# Introduction to web-scraping: Solutions


## Outline

* [URL collection with automated Google search](#URLs)
    * [Scraping school URLs](#school_URLs)
    * [Scraping URLs using an exclusion list](#exclusionlist)
* [Making `Requests`](#request)
* [Parsing HTML](#parsing)
    * [Pretty parsing with `BeautifulSoup`](#BS)
    * [Getting human-readable text](#readable)

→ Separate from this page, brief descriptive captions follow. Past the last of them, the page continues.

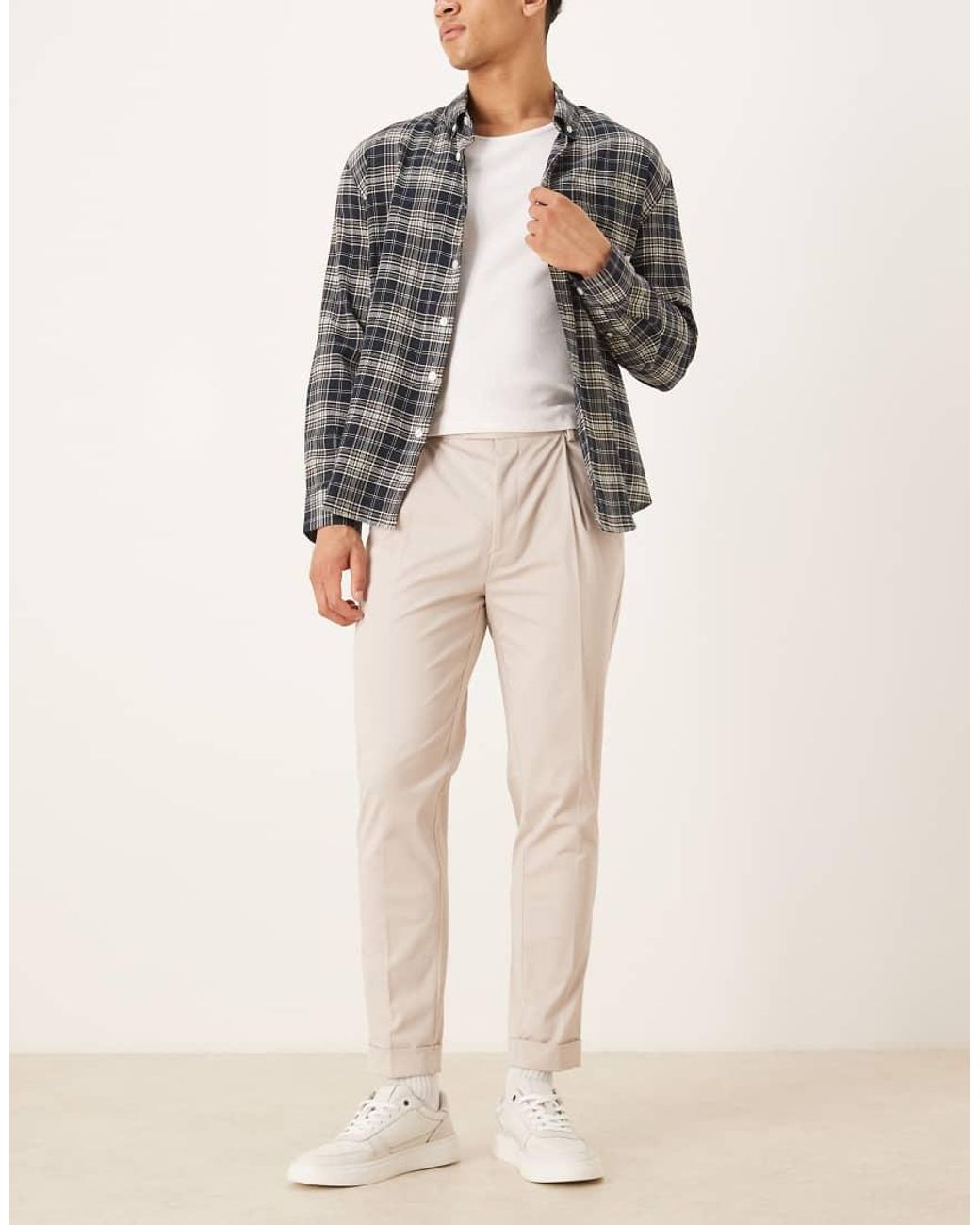 ASOS Natural Tailored Cotton Rich Tapered Chino Pants for men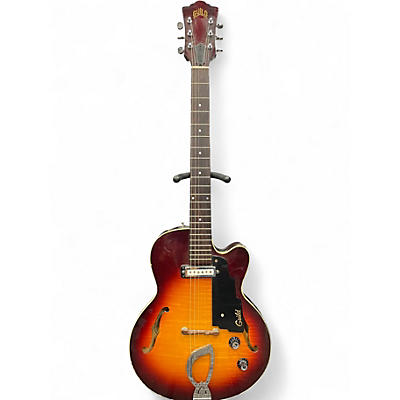 Vintage 1972 Guild 65sb 2 Color Sunburst Hollow Body Electric Guitar
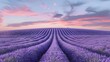 Amazing blooming landscape with purple lavender fields in summer in France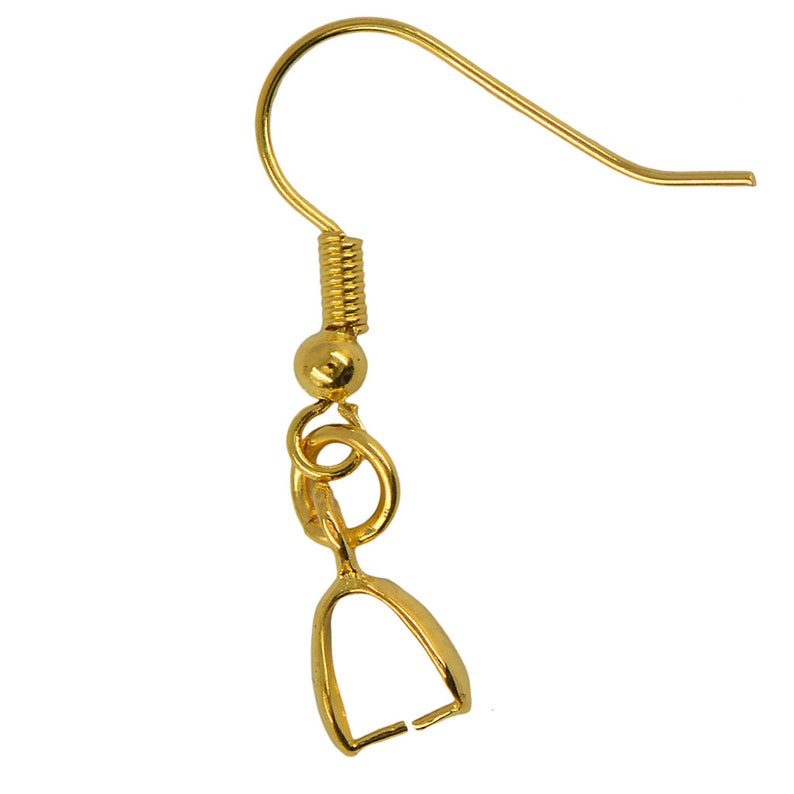 24 Pcs Brass French Pinch Bail Dangle Charm Hook Earring Wire Etsy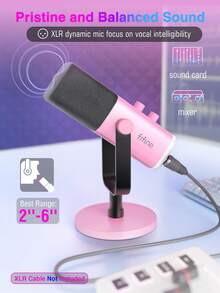 Mikrofon Gaming Streaming Recording XLR/USB untuk PC, Pencahayaan RGB, Dengan Tombol Gain, Tombol Mute, Jack Monitoring, Cocok untuk Pembuatan Video - FIFINE AM8W (Versi Global) - View 7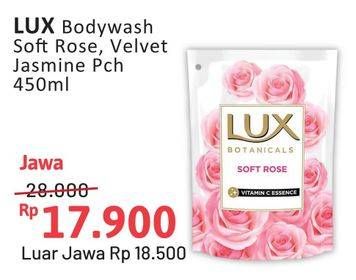 Promo Harga LUX Botanicals Body Wash Soft Rose, Velvet Jasmine 450 ml - Alfamidi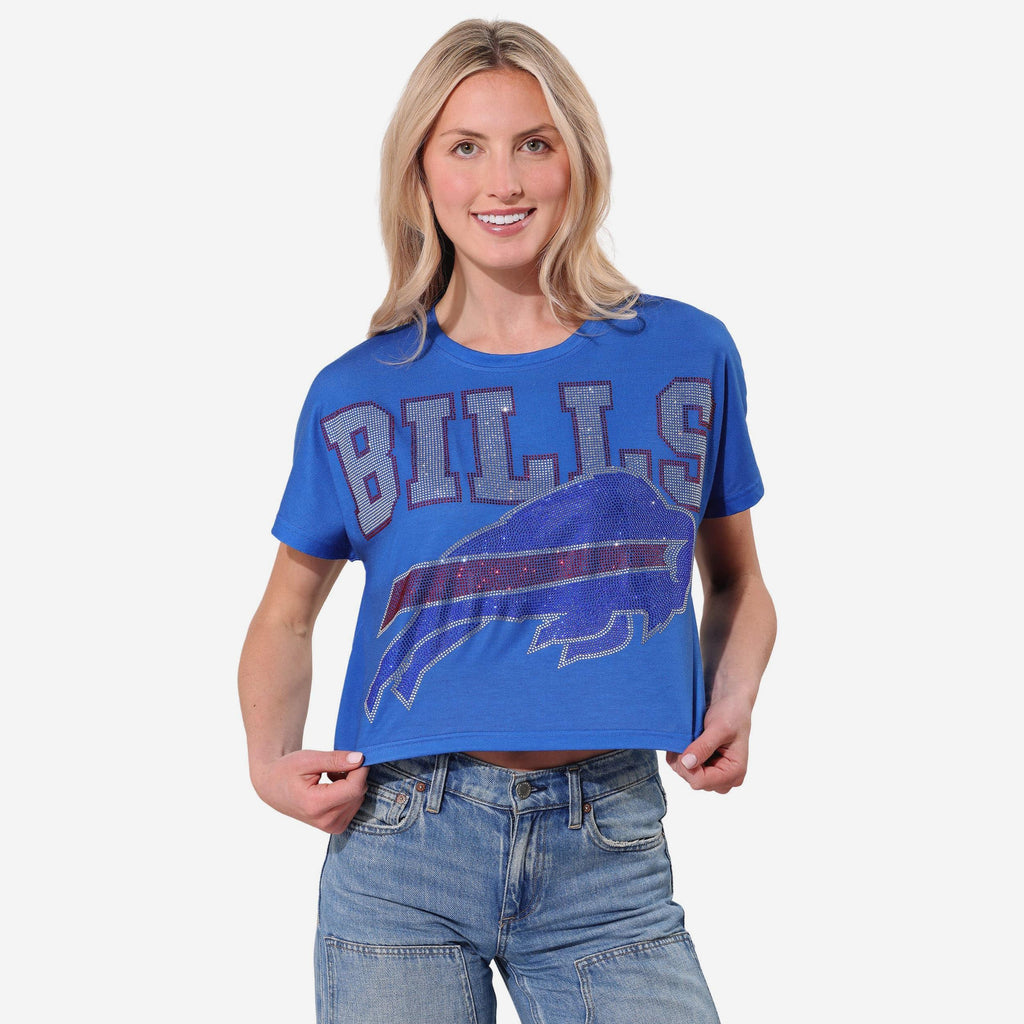 Buffalo Bills Big Wordmark Rhinestone Crop Top FOCO S - FOCO.com
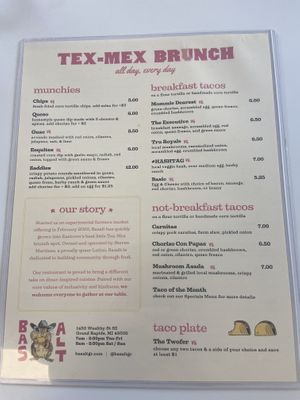 Basalt - Menu (VG = vegan option)  at Basalt in Grand Rapids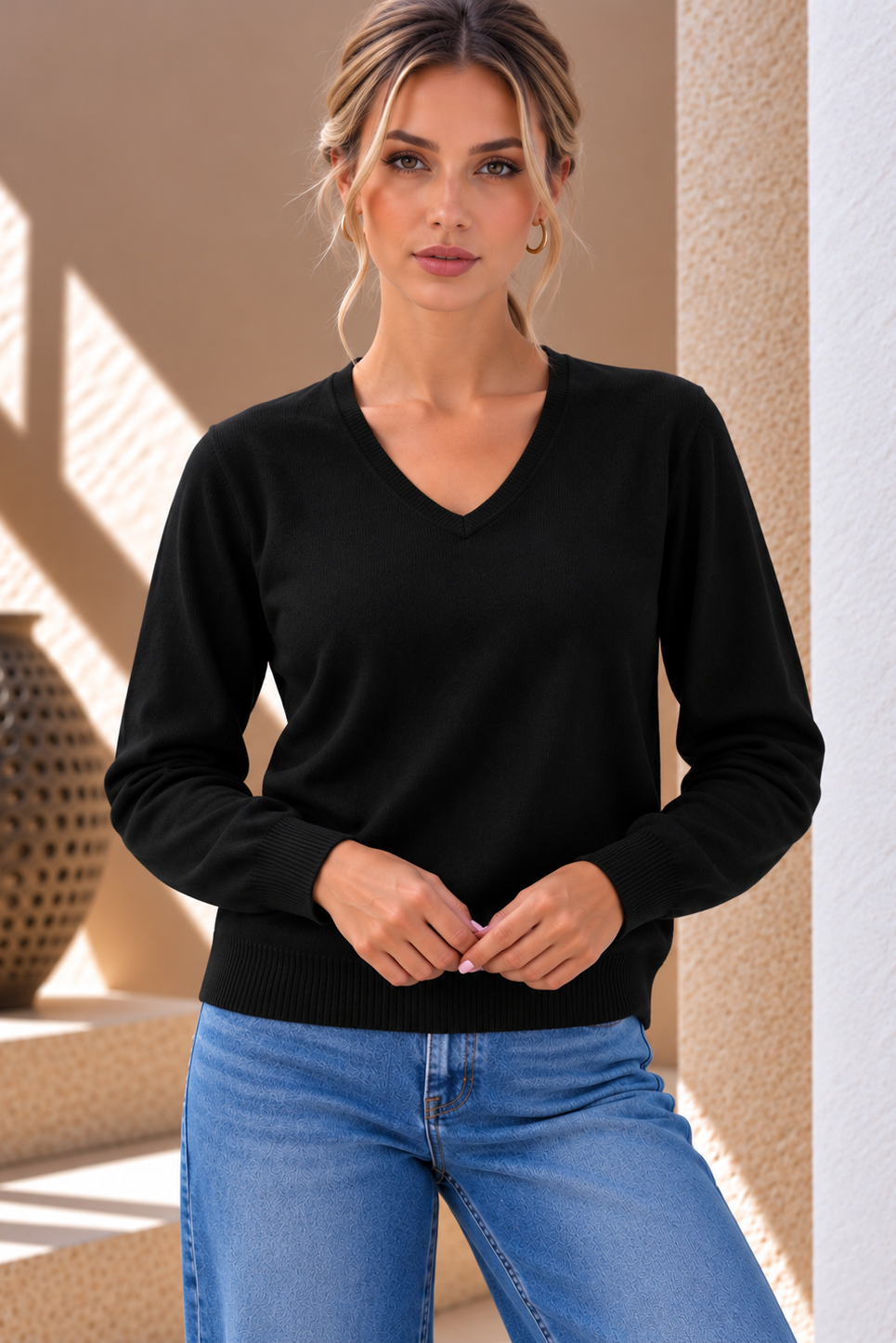 Mirelle V-Neck Knit – Black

**__________________________________**


# URL collection with automated Google search<a id='URLs'></a>

## Scraping school URLs<a id='school_URLs'></a>

In [3]:
# Import automated Google search package
from googlesearch import search

# Define metadata for a single entity: a DC charter school
school_name = 'Capital City Public Charter School'
school_address = '100 Peabody Street NW, Washington, DC 20011'

# Search for first 10 Google results using joined metadata, show each one
for url in search(school_name + ' ' + school_address, \
                  stop=10, pause=5.0):
    print(url)

https://www.ccpcs.org/
https://www.ccpcs.org/about/our-staff
https://www.ccpcs.org/about/our-staff/join-our-team
https://www.ccpcs.org/current-families/calendar
https://www.ccpcs.org/about/our-staff/high-school
https://www.facebook.com/CapitalCityPCS/
https://www.myschooldc.org/schools/profile/143
https://www.niche.com/k12/capital-city-public-charter-school-washington-dc/
https://nces.ed.gov/ccd/districtsearch/district_detail.asp?Search=1&State=11&details=5&ID2=1100035
https://www.usnews.com/education/k12/district-of-columbia/capital-city-pcs-lower-school-226373


### Challenge

Collect the first 10 results from Google for Dr. David C. Walker Intermediate School located at 6500 Ih 35 N Ste C, San Antonio, TX 78218. What do you notice about the results? How do they compare to the previous set of results?

In [4]:
# Solution

# Define metadata
school_name = 'Dr. David C. Walker Intermediate School'
school_address = '6500 Ih 35 N Ste C, San Antonio, TX 78218'

# Automated search
for url in search(school_name + ' ' + school_address, \
                  stop=10, pause=5.0):
    print(url)

https://www.niche.com/k12/dr-david-c-walker-intermediate-school-san-antonio-tx/
https://www.mapquest.com/us/texas/dr-david-c-walker-intermediate-school-438581037
https://www.usnews.com/education/k12/texas/dr-david-c-walker-elementary-206298
https://www.greatschools.org/texas/san-antonio/12035-Dr-David-C-Walker-Intermediate-School/
https://yellow.place/en/dr-david-c-walker-int-san-antonio-tx-usa
https://elementaryschools.org/directory/tx/cities/san-antonio/dr-david-c-walker-elementary/480006211404/
https://www.publicschoolreview.com/dr-david-c-walker-elementary-school-profile
https://www.schoolsnearme.net/en/public/dr-david-c-walker-elementary/79869
https://closelocation.com/find-school/dr-david-c-walker-elementary-school-school-in-basse-basse-16-11508-1216-80
https://www.homefacts.com/schools/Texas/Bexar-County/San-Antonio/Dr-David-C-Walker-El.html


These results are much less clear and organized: Each one points to a different site, and all of them are third parties. Why would this be the case? 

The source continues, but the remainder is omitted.